Not only did Murphy give his recorded works energy with his live vocals, he added spice to each one of his pieces with the quirky instrumental solos he took. In “I Can Change,” he brought a drumstick along with him to the edge of the stage. As Pat Mahoney ripped away at the drum set in perfect time, Murphy played along by smacking the drum stick against the mic stand. When the band played one of its greatest hits, “Daft Punk Is Playing at My House,” Murphy made sure to bring the unexpected. With a straight face and sweat stains emerging on his gray shirt, he got the entire crowd thrashing to a riveting cowbell solo.
Overall during the show, there was an obvious focus on the band’s older works. Of all the songs the band performed, only a handful were from its latest album American Dream, released in September 2017. American Dream, being the band’s latest work, has a sound that diverges from LCD Soundsystem’s first few releases. But musicians who have been touring for more than two decades have a sense of what audiences want — they don’t want a publicity tour of the latest and greatest hits, they want to bathe in the nostalgia of their favorite songs and they want to live in the sound that defined their best memories. In its Greek Theatre performance, LCD Soundsystem stayed refreshingly true to its old sound, while also filling its music with an invigorating presence.

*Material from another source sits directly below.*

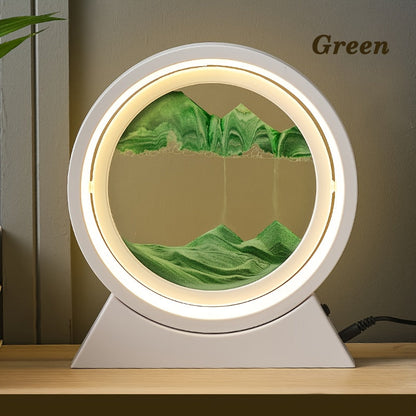 LumiSand - 3D Rörlig Sandmålning LED Bordslampa, Glas Sandscen Nattljus, Romantisk Hemdekoration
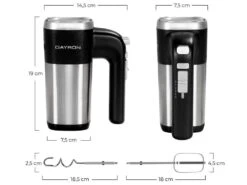 Retro Hand Blender 500W Noir/Argent Dayron -Electroménager Soldes petit electromenager 12640473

This vitality didn’t just come from the hypnotic light display, the vocals and the improvised instrumentals. Although all these components made for an an incredibly memorable performance, the band also constructed this compelling narrative with its setlist. LCD Soundsystem started off with the higher-energy songs — songs that also talked about the existentialism of performing. From “Call the Police” to “Movement,” the band got the crowd excited while also bringing a message with the signature LCD Soundsystem snark. Toward the end of its set, the band played the more sentimental pieces: “Oh Baby,” “Dance Yrself Clean,” “All My Friends.” And that’s where it ended. In the soft pink lighting of the stage, the members of LCD Soundsystem said goodbye to their friends and fans at the Greek Theatre and closed out a show that brought life, love and a party.